Plus clairement, la nouvelle loi n'a fait que transposer les conditions que l'administration fiscale demandait déjà auparavant.

Déjà depuis 2020

Les questions du fisc concernant la condition relative à la "diffusion large" et "l'exploitation de l'œuvre", contenues dans les demandes de renseignements actuellement envoyées dont nous avons pu prendre connaissance, posent particulièrement problème aux fiscalistes, car elles font expressément référence aux conditions de la nouvelle loi. Or le SPF Finances s'en défend: "Nous n’utilisons pas la loi de décembre 2022 pour faire les contrôles sur des périodes d’attribution des droits d’auteurs avant décembre 2022. Mais les droits d'auteur revendiqués doivent répondre aux exigences de la loi (conditions) en vigueur pendant la période sur laquelle porte le contrôle."

Bref, incompréhensible?
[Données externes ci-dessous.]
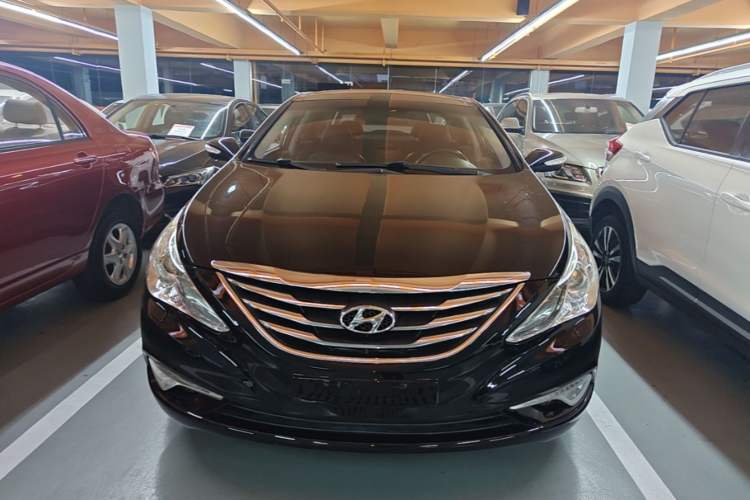Used Hyundai Sonata 2013 2.4L Automatic Luxury Version China IV Standard Front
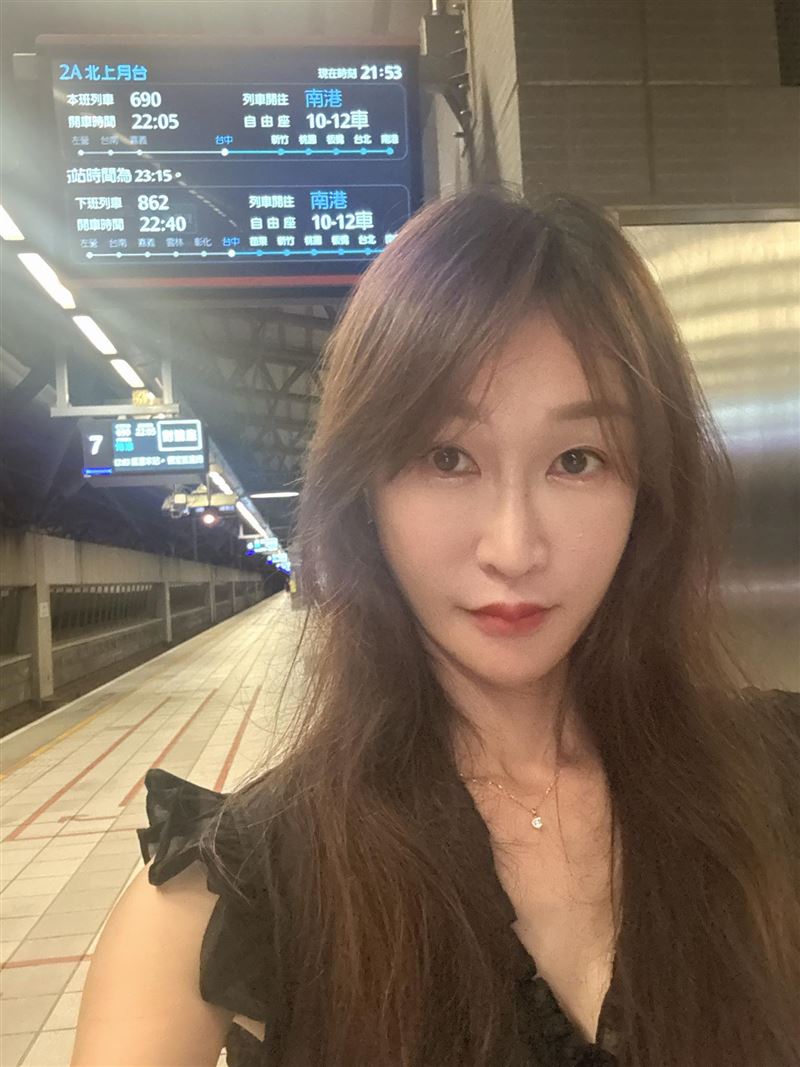 民進黨籍桃園市議員黃瓊慧認為詹江村的發文,讓自己遭到網友訕笑。(圖/翻攝自黃瓊慧臉書)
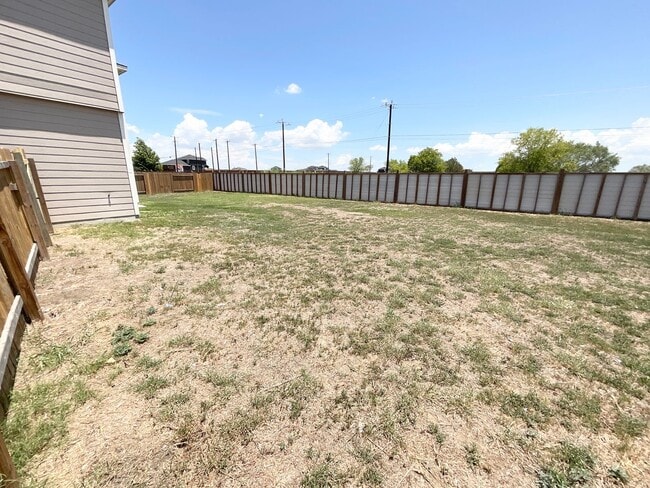 Building Photo - Lovely 2-story 4 bedroom/2.5 bath home in cul-de-sac: easy commute to Ft. Sam Houston, BAMC, and ...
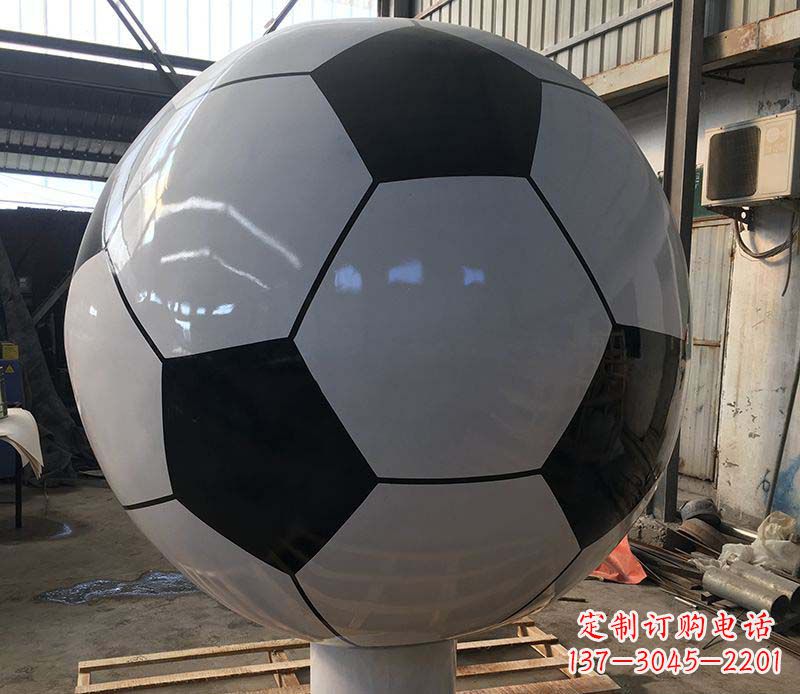 合肥不锈钢足球雕塑精美的艺术品
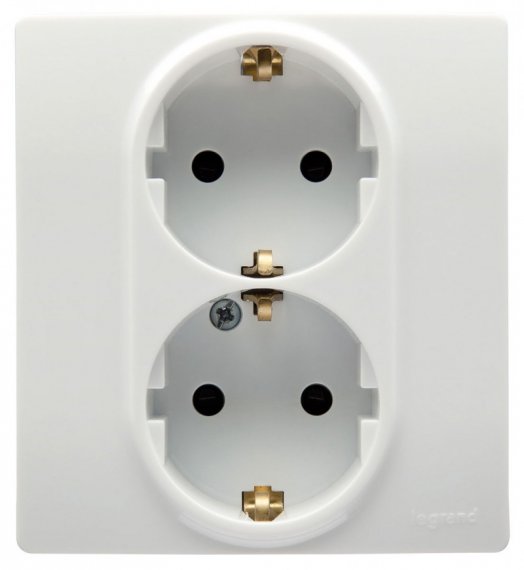 Фотография товара 'Legrand Модуль розетки 2 х 2К+З со шторками, 10AX, автоматические зажимы ETIKA 672233'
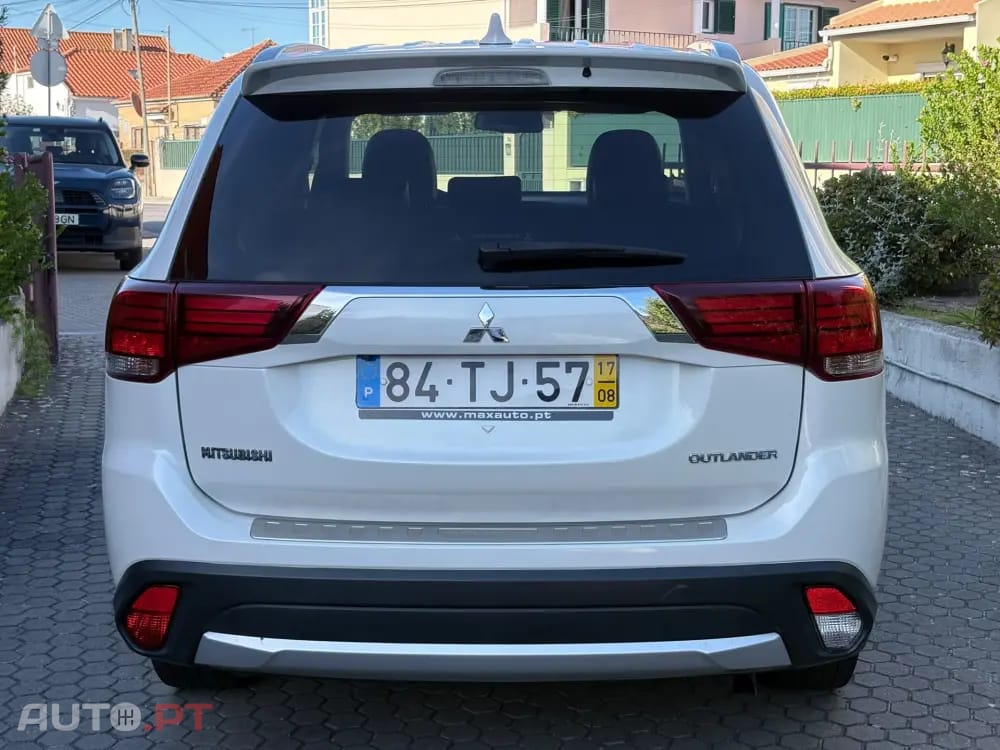 Mitsubishi Outlander 2.2 DI-D Instyle Navi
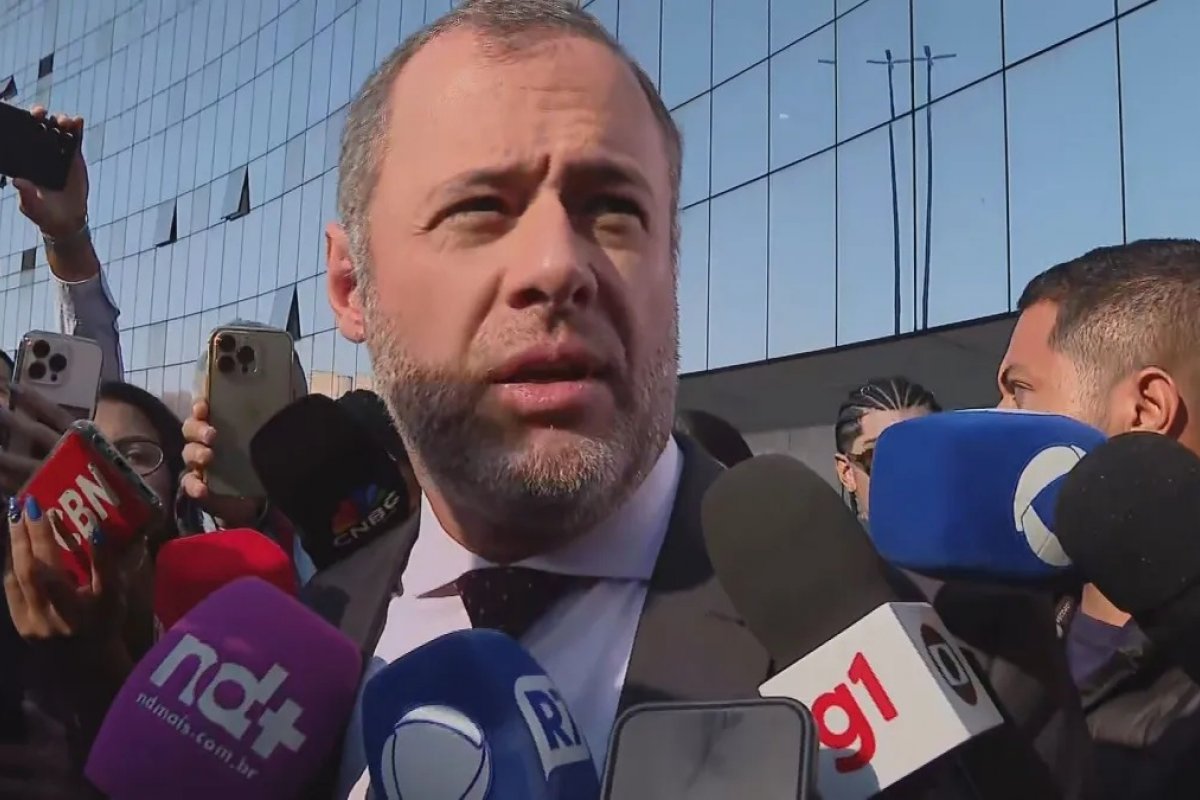 "Interagir com a tornozeleira não significa, não equivale dizer que você pretendia fugir", afirma advogado de Bolsonaro 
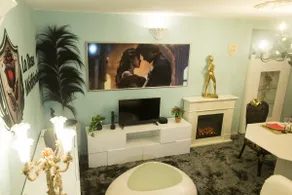 Love Room Normandy *The Medieval Rose* - Image 3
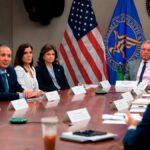 Vicepresidenta Peña y ministro Atallah fortalecen cooperación sanitaria con EE.UU. durante reunión con el secretario Robert F. Kennedy Jr.
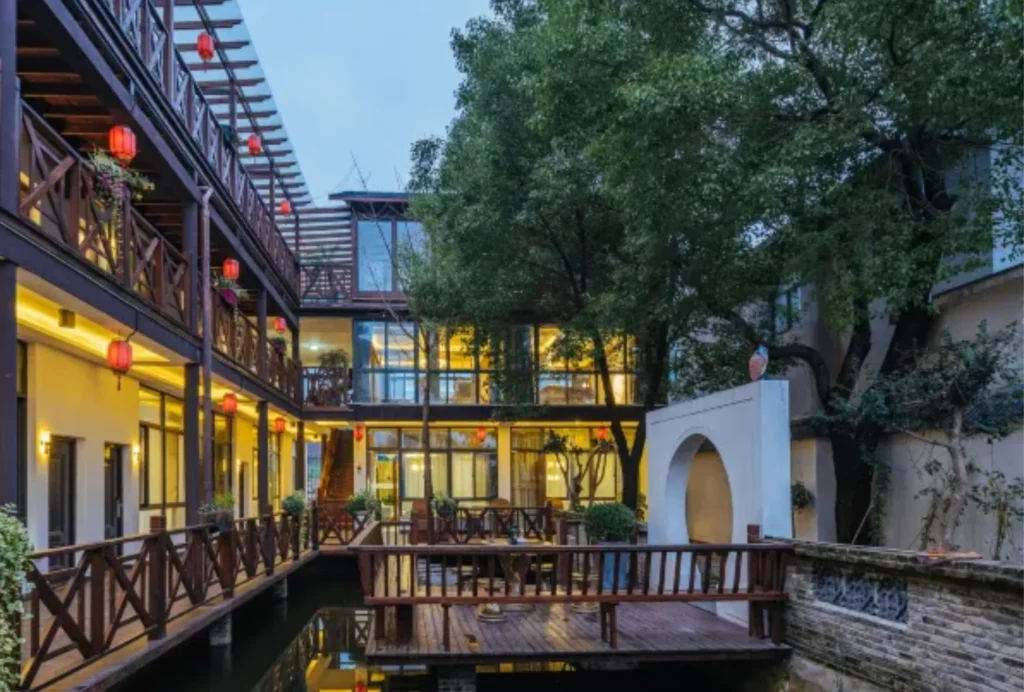 top hotels in jurong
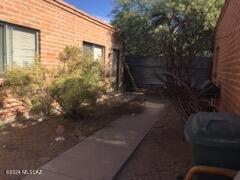 Charming two bedroom one bath located in a 4-plex community close to schools, shopping and downtown area. Water, Sewer and Trash included in rent, tenant pays all other utilities

Please do not disturb the tenant, no showings at this time; we can pre-schedule showings for after the 1ST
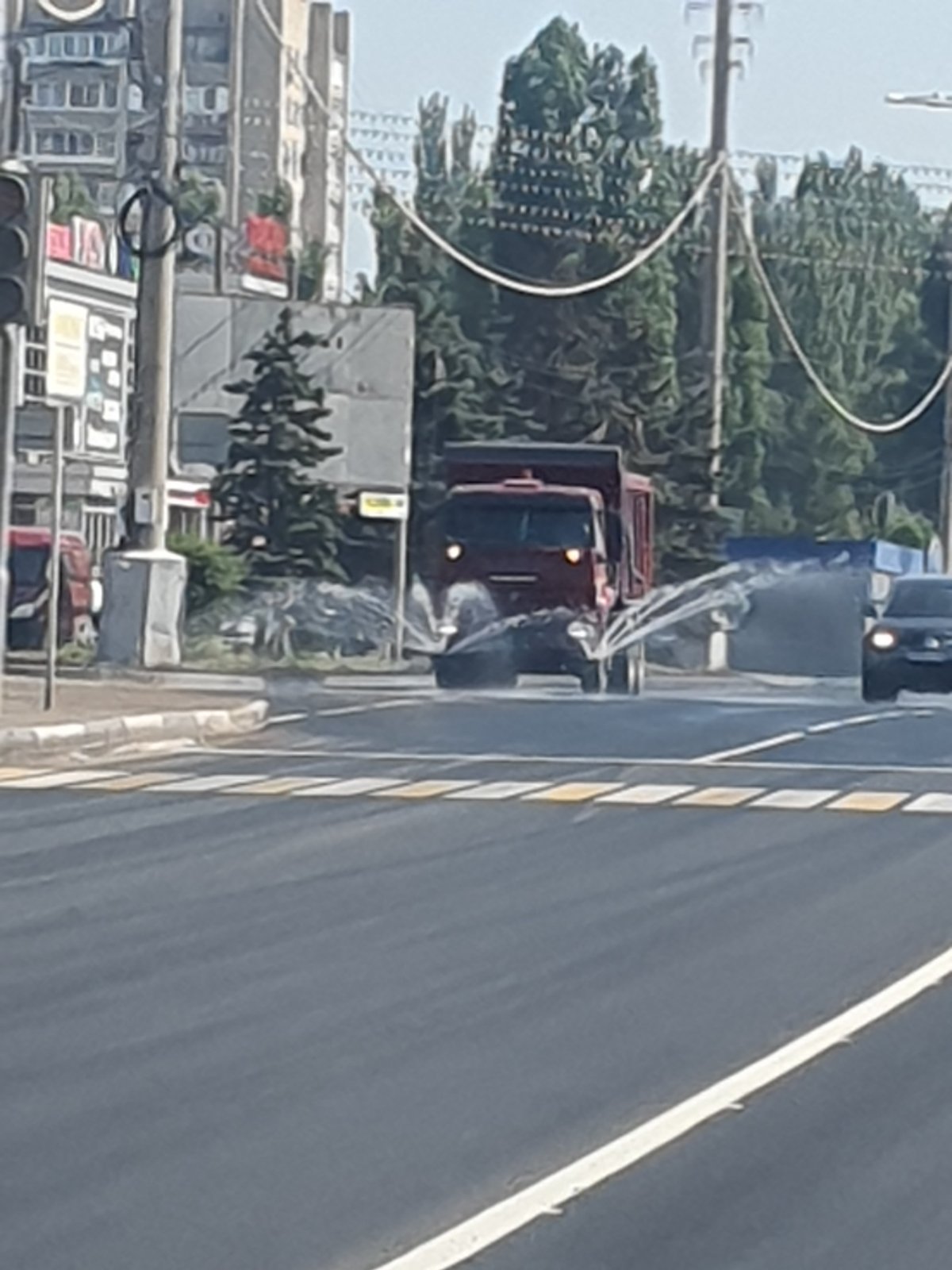 В городе Балаково в жаркую погоду осуществляется регулярный полив центральных дорог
En réalité, selon Sébastien Watelet (Lawtax), l'attitude du fisc n'est pas nouvelle. "Depuis le début de l’action en 2020, l’administration fiscale défend l’idée que le régime ne serait pas applicable en l’absence de 'communication au public' et/ou d’exploitation. Pour les programmes d’ordinateur, le fisc considère qu’il n’y aurait pas de communication au public lorsque le programme est essentiellement utilisé en interne. Cette position est tout à fait erronée tant sous l’ancienne législation que sous la nouvelle", explique-t-il.

Comment les tribunaux vont-ils trancher?

Plus clairement, la nouvelle loi n'a fait que transposer les conditions que l'administration fiscale demandait déjà auparavant (ce que les avocats fiscalistes se faisaient un plaisir de contester étant donné l'absence de base légale).

"À mon avis, la thèse administrative a peu de chance de prospérer devant les magistrats..."

Denis-Emmanuel Philippe
Avocat-associé (Bloow Law)

C'est d'ailleurs, selon Denis-Emmanuel Philippe, le plus "choquant" dans cette histoire: certaines de ces fameuses conditions supplémentaires ont été introduites dans le nouveau texte légal, lequel est pourtant seulement applicable à des situations postérieures à 2023.

Toute la question est à présent de savoir comment les tribunaux vont réagir: vont-ils suivre le fisc et refuser l’application de l’ancien régime des droits d’auteur (pour les périodes imposables antérieures à 2023) lorsque ces conditions additionnelles ne sont pas satisfaites? "À mon avis, la thèse administrative a peu de chance de prospérer devant les magistrats…", conclut-il.

Le résumé
  • Le nouveau régime des droits d'auteur est entré en vigueur cette année.
  • De nouvelles conditions doivent être respectées pour en bénéficier, comme celle de la diffusion vers un public large.
  • Problème : le fisc utilise ces nouvelles conditions pour contrôler des situations antérieures.